Figure 1. Patient selection flowchart. ADT, androgen deprivation therapy; ARPI, androgen receptor pathway inhibitor; CCR, chemotherapy-containing regimen; KRD, Komodo Research Database; mCSPC, metastatic castration-sensitive prostate cancer; NCR, non–chemotherapy-containing regimen; PARP, poly ADP-ribose polymerase; PPS, Precision Point Specialty; US, United States. a. ARPI initiation date on or after US Food and Drug Administration approval for mCSPC (i.e., 02/07/2018 for abiraterone acetate [high-risk mCSPC], 08/05/2022 for darolutamide). b. Only ARPI-naïve patients who initiated abiraterone acetate + ADT were included in the NCR cohort given as of the time of study conduct, darolutamide + ADT was not approved for treatment of mCSPC without the concurrent use of docetaxel. c. Patients were excluded if they became castration-resistant during the time between ARPI initiation and docetaxel initiation.

Table 1

Table 1. Baseline characteristics.

3.2 Time spent managing mCSPC and HRU

Patients were observed for a mean of 6.3 months (median 6.0 months) in the CCR cohort and 6.8 months (median 6.7 months) in the NCR cohort. For the CCR cohort, a mean of 4.0 docetaxel infusions were observed per patient, with a mean of 22 days between successive infusions. During the observation period, the CCR cohort spent a mean of 4.1 days PPPM (median 3.6 days PPPM) managing mCSPC, compared with 3.3 days PPPM (median 2.4 days PPPM) in the NCR cohort (RR: 1.18, 95% CI: 1.03, 1.34; p=0.016; Figure 2).

Figure 2

Figure 2. HRU among patients receiving CCR or NCR, PPPM. CCR, chemotherapy-containing regimen; CI, confidence interval; ER, emergency room; HRU, healthcare resource utilization; IP, inpatient; mCSPC, metastatic castration-sensitive prostate cancer; NCR, non–chemotherapy-containing regimen; OP, outpatient; PC, prostate cancer; PPPM, per-patient-per-month; RR, rate ratio. * p-value <0.05. a. The weighted model was adjusted for the following baseline variables: all-cause pharmacy costs, categorical age (≤70, 71-80, ≥81), time between metastasis and index date, baseline time spent managing mCSPC, erectile dysfunction, nodal metastasis and Quan-Charlson comorbidity index score. b. The time spent managing mCSPC is reported from the patients’ perspective, by days with a PC-related HRU or PC management care HRU outcome. When multiple HRU services for one patient on the same day were observed, these services only contributed one day. For inpatient stays, the number of days was calculated from the admission and discharge dates. In instances where the date of the claim differed from the date the service was received (e.g., laboratory tests or imaging), the date in which the service was received was used. All days were summed per person, and time spent managing mCSPC was reported PPPM.

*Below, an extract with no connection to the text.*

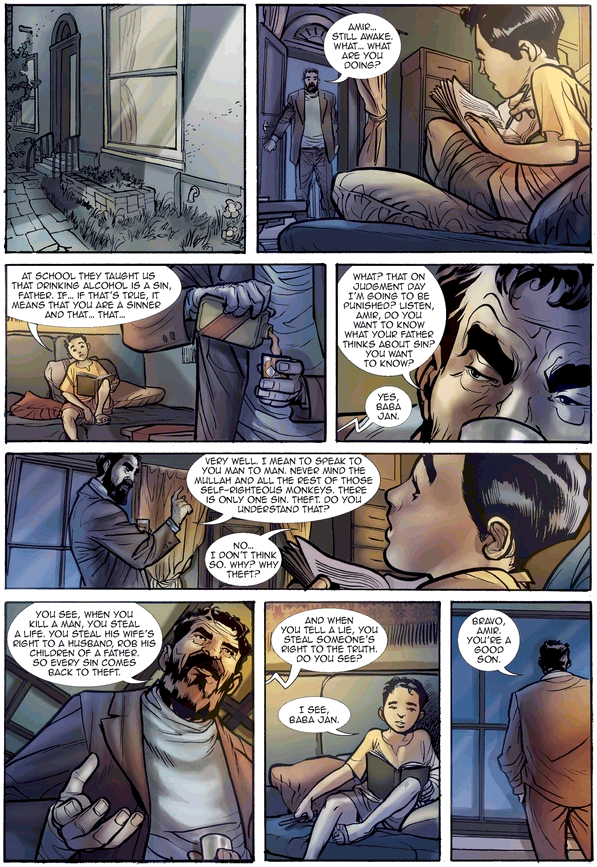 The Kite Runner Graphic Novel - photo 19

The CCR cohort experienced a greater number of all-cause inpatient admissions (RR: 3.25, 95% CI: 1.56, 6.15; p<0.001) and inpatient days (RR: 5.09, 95% CI: 2.02, 10.93; p<0.001) compared with the NCR cohort during the observation period (Figure 2). Similar results were seen for PC-related inpatient admissions (RR: 3.74; 95% CI: 1.76, 7.47; p<0.001) and inpatient days (RR: 5.63; 95% CI: 2.18, 12.92; p<0.001). In addition, the number of PC-related days with other services was also greater in the CCR cohort than in the NCR cohort (RR: 2.81, 95% CI: 1.69, 4.88; p<0.001; Figure 2). The number of days spent on all-cause and PC-related ER visits trended higher in the CCR cohort relative to the NCR cohort, although the differences were not statistically significant (RR for all-cause ER days: 1.47, 95% CI: 0.84, 2.44; p=0.176; PC-related ER days: 1.66, 95% CI: 0.79, 3.34; p=0.192; Figure 2).

3.3 Economic burden

During the observation period, the CCR cohort incurred significantly higher healthcare costs compared with the NCR cohort (Figure 3A, Supplementary Table 1). The mean all-cause total healthcare costs were $17,833 PPPM in the CCR cohort and $11,527 PPPM in the NCR cohort (cost difference: $6,184; 95% CI: 3,515, 8,517; p<0.001). Medical costs constituted nearly 40% of the all-cause total costs and were $6,592 PPPM in the CCR cohort and $4,240 PPPM in the NCR cohort (cost difference: $2,060; 95% CI: 865, 3,369; p<0.001). All-cause pharmacy costs were $11,290 PPPM in the CCR cohort and $7,288 PPPM in the NCR cohort (cost difference: $4,124; 95% CI: 1,914, 6,168; p<0.001).

Figure 3

Figure 3. Healthcare costs among patients receiving CCR or NCR, PPPM^a. (A) All-cause costs. (B) PC-related costs. CCR, chemotherapy-containing regimen; CI, confidence interval; ER, emergency room; IP, inpatient; mCSPC, metastatic castration-sensitive prostate cancer; NCR, non–chemotherapy-containing regimen; OP, outpatient; PC, prostate cancer; PPPM, per-patient-per-month; US, United States. * p-value <0.05. a. Costs were inflated to 2023 US dollars using the medical care component of the Consumer Price Index and were reported PPPM. b. The weighted model was adjusted for the following baseline variables: all-cause pharmacy costs, categorical age (≤70, 71-80, ≥81), time between metastasis and index date, baseline time spent managing mCSPC, erectile dysfunction, nodal metastasis and Quan-Charlson comorbidity index score. c. Other costs included durable medical equipment, dental, and vision care costs.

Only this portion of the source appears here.